## Task prompt
As an exercise, transcribe the data below in full and exactly, omitting pictures.

## Given data
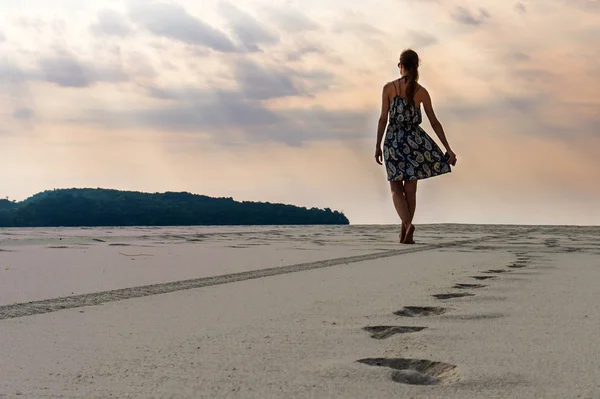 Mulher caminha na praia de areia em direção ao oceano — Fotografia de Stock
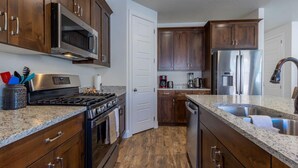 A modern kitchen with dark wood cabinets, stainless steel appliances, granite countertops, and a double sink. - 5 BR - Siena Hills Resort - Patio, BBQ & Games (Washington)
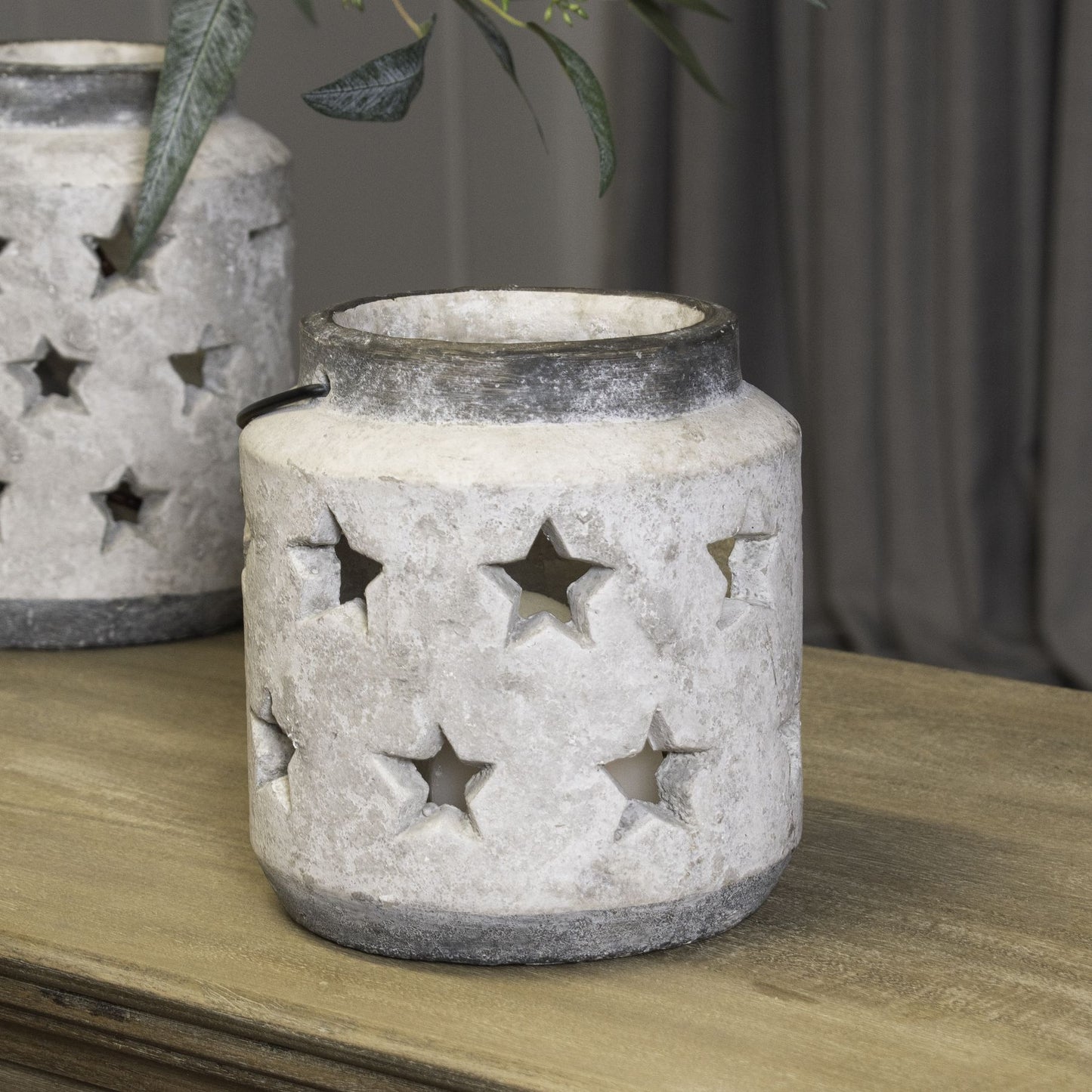 Decorative stone lantern with star cutouts on a wooden surface.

## Response
 Mulher caminha na praia de areia em direção ao oceano — Fotografia de Stock
 A modern kitchen with dark wood cabinets, stainless steel appliances, granite countertops, and a double sink. - 5 BR - Siena Hills Resort - Patio, BBQ & Games (Washington)
 Decorative stone lantern with star cutouts on a wooden surface.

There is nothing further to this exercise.